Ni él ni yo hemos tomado nunca esposa aunque Galieno robó a una niña goda de pocos meses de edad después de matar a sus padres en alguna escaramuza; se apiadó de ella y, en lugar de acabar también con su vida, se la llevó para sí. Todavía recuerdo el día en que la trajo a casa envuelta en su capa de general, parecía un lechón llorón y hambriento, listo para hornear; de eso hace ya dieciséis años. La llamamos Cornelia en recuerdo de nuestra madre, pero yo, en secreto y sólo para mí, la llamo Bienvenida. Ahora es la heredera, la que llevará el nombre de la familia y la columna que sostendrá el techo de nuestra casa. También es la brisa y la alegría que limpia las estancias aireándolas cuando corre por ellas, y la que quizá algún día deba convertirse en la borrasca que barre lo poco que quede.

Estos soldados de caballería, los climbanarii, son huestes acorazadas de pies a cabeza, los jinetes y sus monturas, y se han convertido en una curiosa metáfora de la nueva Roma, igual que ellos las ciudades y las haciendas del Imperio viven amuralladas, aterrorizadas y recogidas tras sus protecciones pétreas. La polis y su ágora han desaparecido, ahora son comunidades que deben defenderse por sí mismas y ser autónomas también en su economía aunque el Emperador quiera controlarlo todo al creer que su mundo no es un simple castillo de arena.
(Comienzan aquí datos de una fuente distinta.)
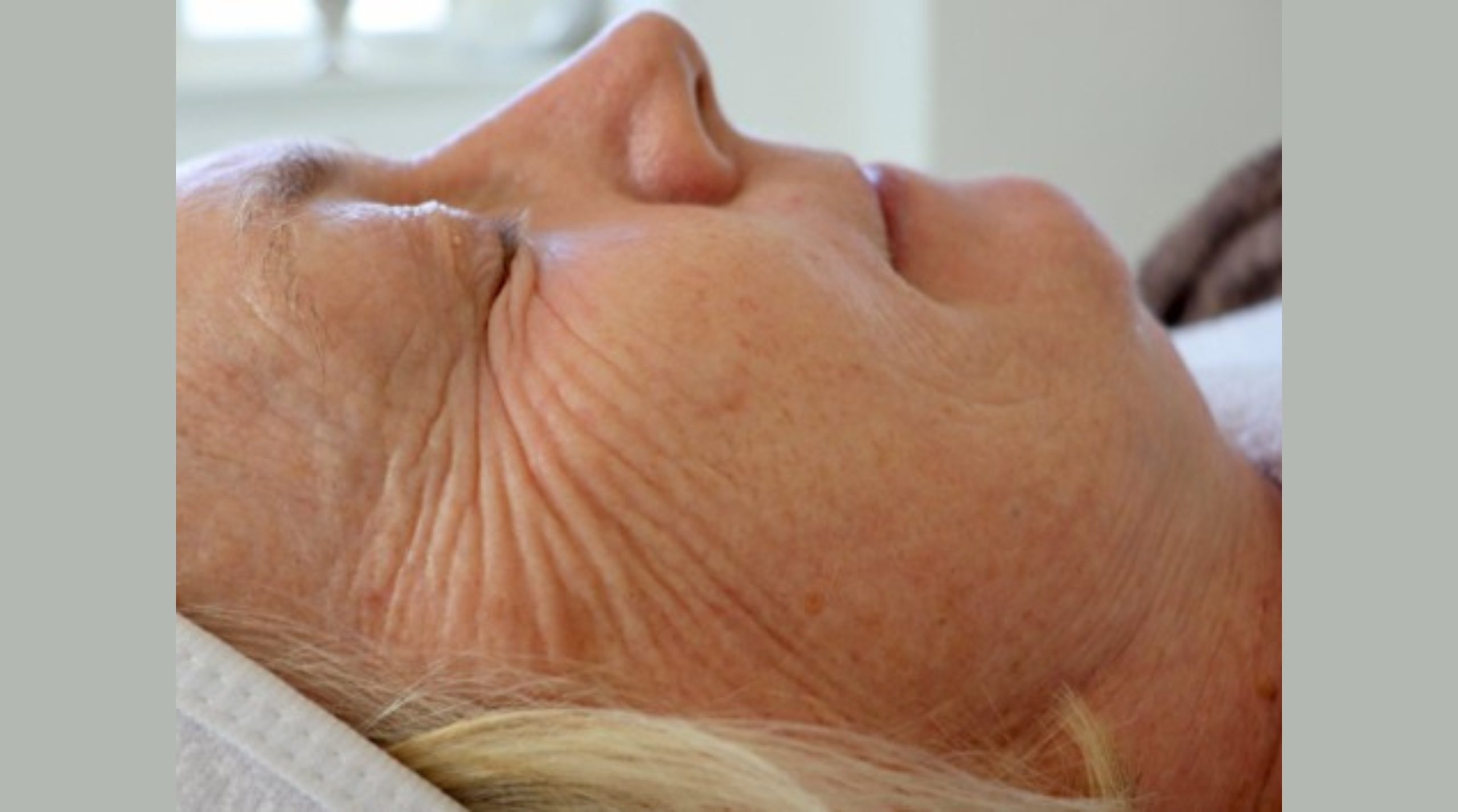 JetPeel clinical case before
Las rutas comerciales están en buena parte rotas, los caminos son intransitables y peligrosos, el transporte de mercancías es difícil y de costes desorbitados; es más alto el porte que el oro que se traslada. Y los bárbaros que arriban lo hacen hambrientos, miserables, son bárbaros huyendo de otros bárbaros, llegan como la tormenta y se van como las crecidas de los ríos al final del verano, arrastrándolo todo y dejando en su lugar la ruina y la desolación, de ellos, sin embargo, es el futuro.


Pero la burocracia del Imperio se ha mantenido firme y unida como los dedos lo están a una mano que todavía puede cerrarse y golpear, escribir y dictar leyes. Ella y el ejército han conservado, como si fueran un dique, la casa común, sus esfuerzos siempre tratan que el mar no termine con la playa, pero Neptuno no es el mar, sólo es un dios moribundo disfrazado de pez. Ningún hombre puede vivir sin una morada, aunque incluso sea una cárcel no hay nada fuera de ella que no sea nada, oscuridad y silencio. En la casa se halla nuestro origen y en él la dignidad de los bien nacidos, de aquellos que tienen un nombre que transmitir a los demás y por el cuál somos reconocidos y aceptados en las asambleas de ciudadanos donde podemos votar, incluso los cristianos saben reconocer eso y por ello el descendiente de Pedro dicen que vive en Roma y no en Jerusalén.